Happily, the charade is finally over, for them and, we hope, for their counterparts in the Clinton Administration. But these books remind young and old readers alike just how hard it has been for the voices of women to be heard in public life, let alone to be granted authority.
The poignant and by now well-known story of Eleanor Roosevelt's triumph over personal tragedy to become the most influential American woman of this century is recounted in "Eleanor Roosevelt: A Life of Discovery," by Russell Freedman, the author of many books for children, including "Lincoln: A Photobiography," which won the 1988 Newbery Medal, and "Franklin Delano Roosevelt." In measured tones he shows how her early work in the progressive settlement houses and voluntary associations of New York City inspired an abiding confidence in the potential of government to do good. We observe her practical political education as her husband's agent in the Democratic Party following his bout with polio in 1921. We learn of her achievements as First Lady on behalf of the country's most needy and underrepresented citizens -- especially black Americans. We follow her through World War II as she won the hearts of American soldiers, then into the postwar period after her husband's death in 1945, when, as a delegate to the United Nations, she became a force in her own right for international peace and human rights.
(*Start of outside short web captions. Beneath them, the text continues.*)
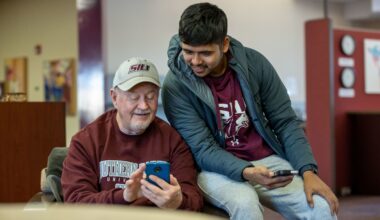 people looking at a phone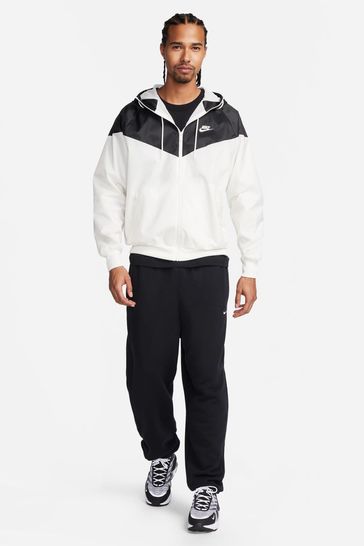 Nike windrunner on sale jacket black white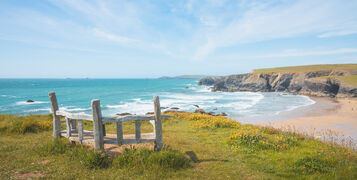 An,Empty,Park,Bench,Overlooking,Seascape,Landscape,Of,Porthcothan,Beach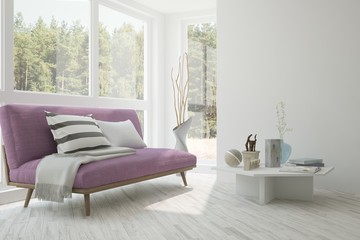 White room with sofa and green landscape in window. Scandinavian interior design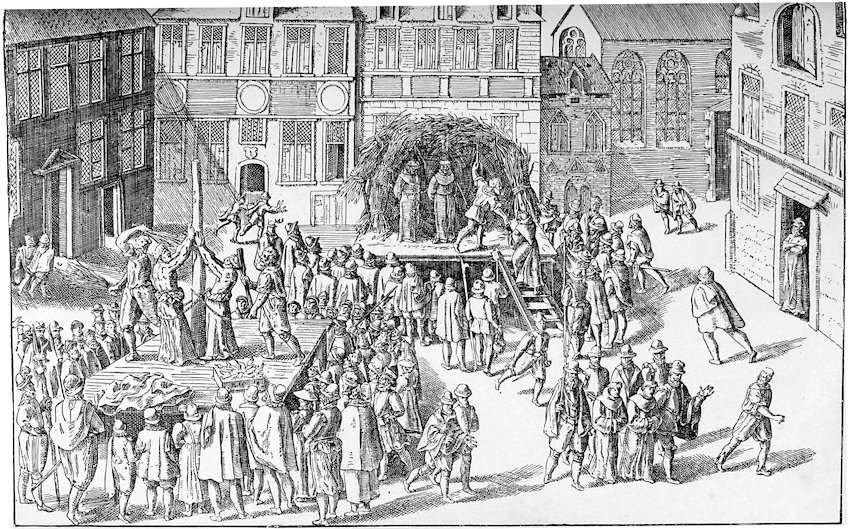 A historical engraving depicting a public execution by burning at the stake in a town square surrounded by tall, half-timbered buildings. On a raised wooden platform, several figures are bound to stakes while executioners prepare the kindling and a large crowd of townspeople and monks gathers to observe.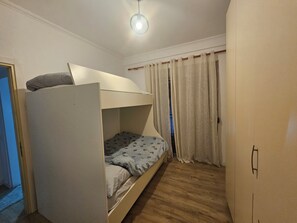 Ein Stockbett mit Kopfteil, Holzboden, Tür und Vorhang.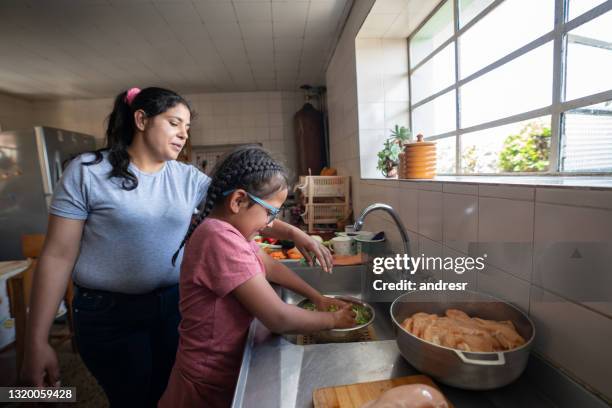 lateinamerikanische mutter lehrt ihre tochter zu kochen - poor man stock-fotos und bilder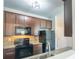 Kitchen featuring dark cabinets, stainless steel appliances, and granite countertops with modern lighting at 3293 Pennington Dr, Stonecrest, GA 30038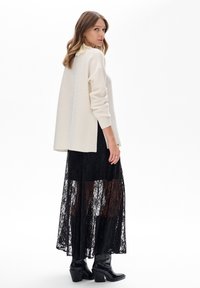 Kobieta ubrana w biały oversize'owy sweter, czarną koronkową spódnicę i czarne botki na obcasie, stoi i spogląda przez ramię na tle białego tła.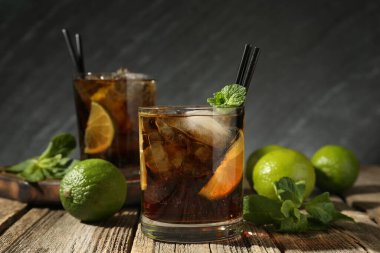 Küba libre kokteylini ahşap masada nane şekeriyle tazeliyorum.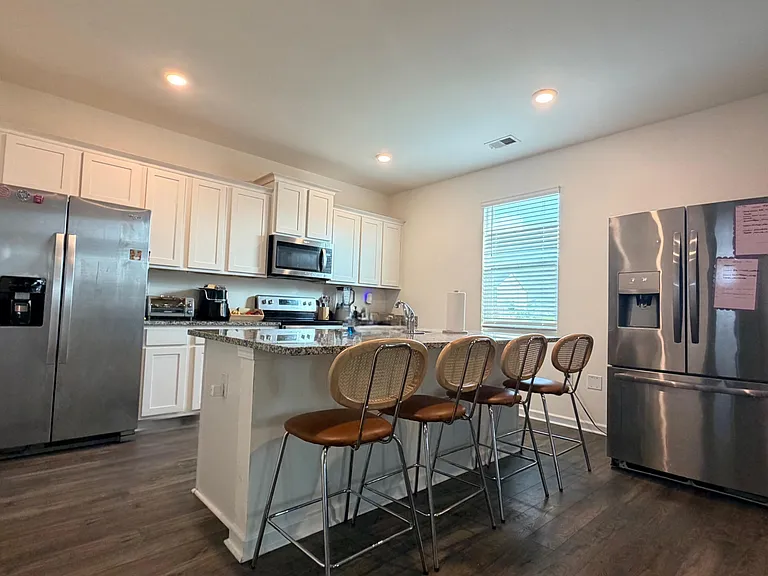 Open kitchen with white cabinetry, granite peninsula seating for four, and stainless steel appliances for easy meal prep.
The personal drama of Eleanor Roosevelt's life also unfolds with unflinching clarity in the text and in the exquisite photographs that accompany it. We are introduced to the troubled and insecure child who emerged from the tragedy of her father's alcoholism and her parents' early deaths. We meet the young wife and mother of five who, with great discipline and determination, overcame the sorrow of her husband's infidelity and in subsequent years forged deep and abiding friendships with a small circle of men and women, each of whom, in a manner Mr. Freedman does not speculate about, fulfilled the need for intimacy her marriage no longer satisfied.
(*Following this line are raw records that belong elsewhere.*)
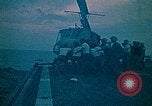 Image of helicopters thrown overboard during fall of Saigon South China Sea, 1975, second 13 stock footage video 65675069511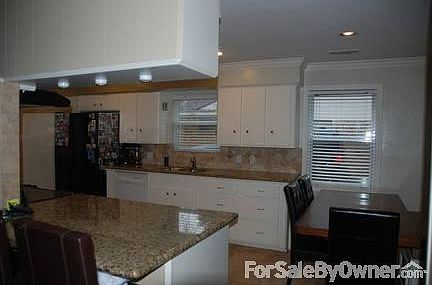 Granite and travertine in the kitchen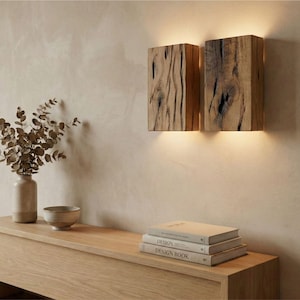 May include: Two wooden wall sconces with a warm glow, mounted on a neutral-toned wall. The sconces are made of textured wood, showcasing natural grain patterns. A wooden console table below holds a vase, bowl, and books.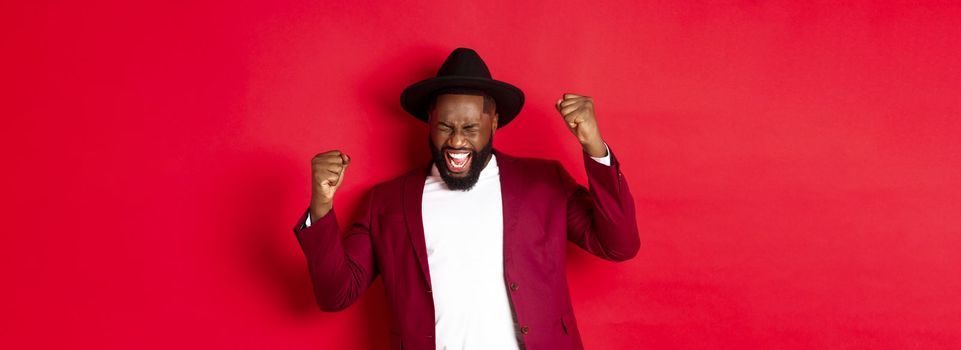 Successful Black man in suit saying yes, rejoicing of winning or achieving goal, raising hands up and screaming of joy, red background.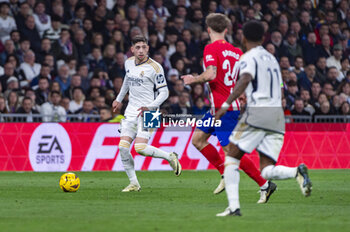 2024-02-04 - Federico Valverde of Real Madrid seen in action with the ball during the La Liga EA Sports 2023/24 football match between Real Madrid vs Atletico Madrid at Santiago Bernabeu stadium in Madrid, Spain. - REAL MADRID VS ATLETICO MADRID - SPANISH LA LIGA - SOCCER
Penny Colman, who has written about Dorothea Dix and Fannie Lou Hamer, is equally thorough, fair and candid in her treatment of Frances Perkins. A native of Massachusetts, Perkins graduated from Mount Holyoke College in 1902 and became a professional social worker in the New York charity world in which Eleanor Roosevelt volunteered. So dogged were her investigations of the garment industry, and so persistent her lobbying for wage and hour reform, that she was first recruited by Gov. Al Smith, and later by Gov. Franklin D. Roosevelt, to work within New York State government, rather than against it. This prepared her to be President Roosevelt's Secretary of Labor, a job which then encompassed health and welfare as well as labor. Perkins's tenure witnessed the greatest period of organization in American labor history. She unequivocally supported the right to organize and bargain collectively, and used her considerable influence with the President to prevent him from restraining strikes by longshoremen and automobile workers. Yet she always had more confidence in the Federal Government than in organized labor as an instrument of social justice, and she devoted most of her efforts to protecting workers through maximum-hour and minimum-wage regulations.